Authenticated acts of cannibalism among shipwreck survivors are remarkably rare. But when they have taken place, those involved have often been met with revulsion and sympathy in equal measure.
Such was the case with the survivors of the small yacht Mignonette which foundered on its way to Australia in 1884.
The Mignonette was a small yacht of about 33 tons. It had been purchased in England by Sydney barrister and Commodore of the Sydney Yacht Club, John Want. He hired Captain Thomas Dudley and a crew of three to sail the vessel to Australia for him while he returned by a regular steamer service in more salubrious surrounds.
The Mignonette sailed from Southampton on 19 May 1884 and briefly stopped at Madeira off the Moroccan coast around the middle of June.
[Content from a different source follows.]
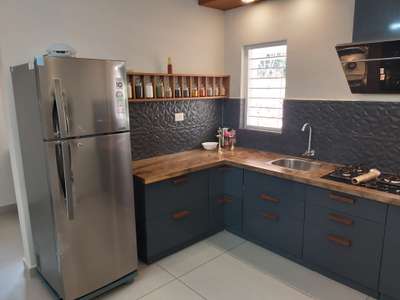 Kitchen cabins in modern design (top wood)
Nothing further was heard of it until 6 September when Dudley and two of his crew returned to England having been rescued at sea by the German barque Motezuma.
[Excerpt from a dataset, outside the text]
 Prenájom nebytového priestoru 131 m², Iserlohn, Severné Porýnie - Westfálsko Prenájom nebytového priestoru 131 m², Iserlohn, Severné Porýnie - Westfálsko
Six weeks after leaving England they were over 3,000 Kilometres south of the equator and 2,500 kilometres off the Namibian coast. By now the weather had turned foul. The seas ran high and they were running further south before a strong wind. On the afternoon of 5 July a gigantic rogue wave rose from nowhere and crashed into the side of the yacht stoving in the hull.
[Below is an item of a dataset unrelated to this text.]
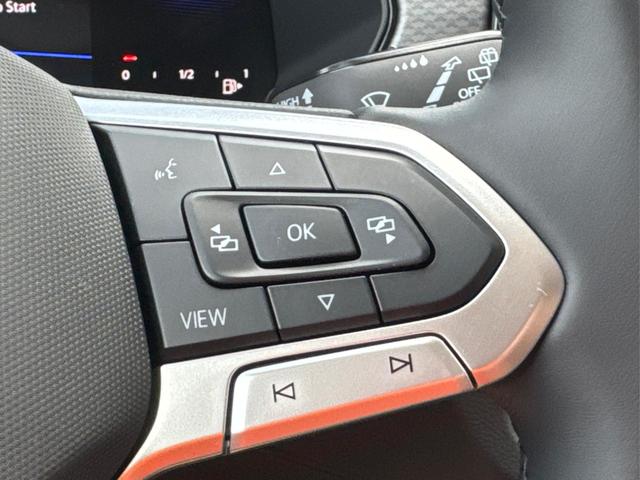 Volkswagen / T-Cross / / / / (Life+) SHZ+ACC+KAMERA+APP+KLIMA+LED+17'' ALU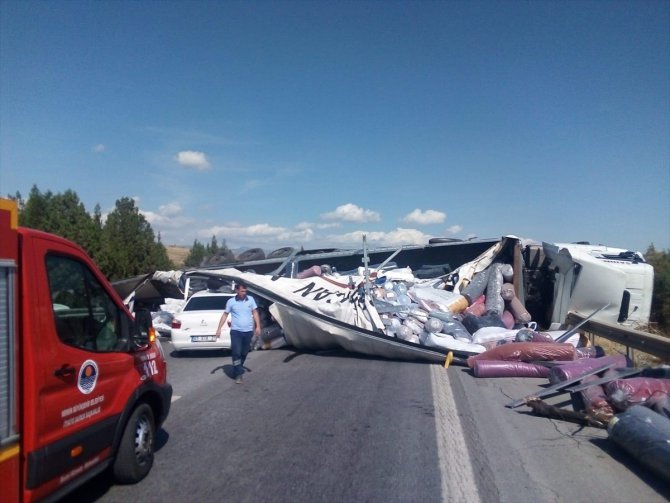 Karşı şeride geçen tır iki araçla çarpıştı: 4 yaralı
The mate, Edwin Stevens, was at the wheel and only had time to call out a warning before the monster wave struck. Fortunately Dudley grabbed hold of the boom and held on as a wall of water swept across the deck.
The Mignonette immediately started filling with water. Dudley ordered the men to prepare to abandon ship. They got the lifeboat over the side while he went below to gather provisions. By then seawater was already swirling around the cabin interior.
The captain grabbed two tins of what he thought was preserved meat, raced back on deck and leaped into the dinghy as the Mignonette sank below the waves.
Dudley, Stevens, Edward Brooks, and seventeen years old Richard Parker spent a frightening night in the tiny four metre dinghy as the storm raged around them. To make matters worse, they had no fresh water and discovered their tinned provisions consisted of just one kilogram of preserved turnips.
For the next five days they subsisted on small morsels of turnip and small quantities of rainwater, but it was never enough. Then their luck improved, at least for a short while. They captured and killed a turtle which had been basking on the sea’s surface.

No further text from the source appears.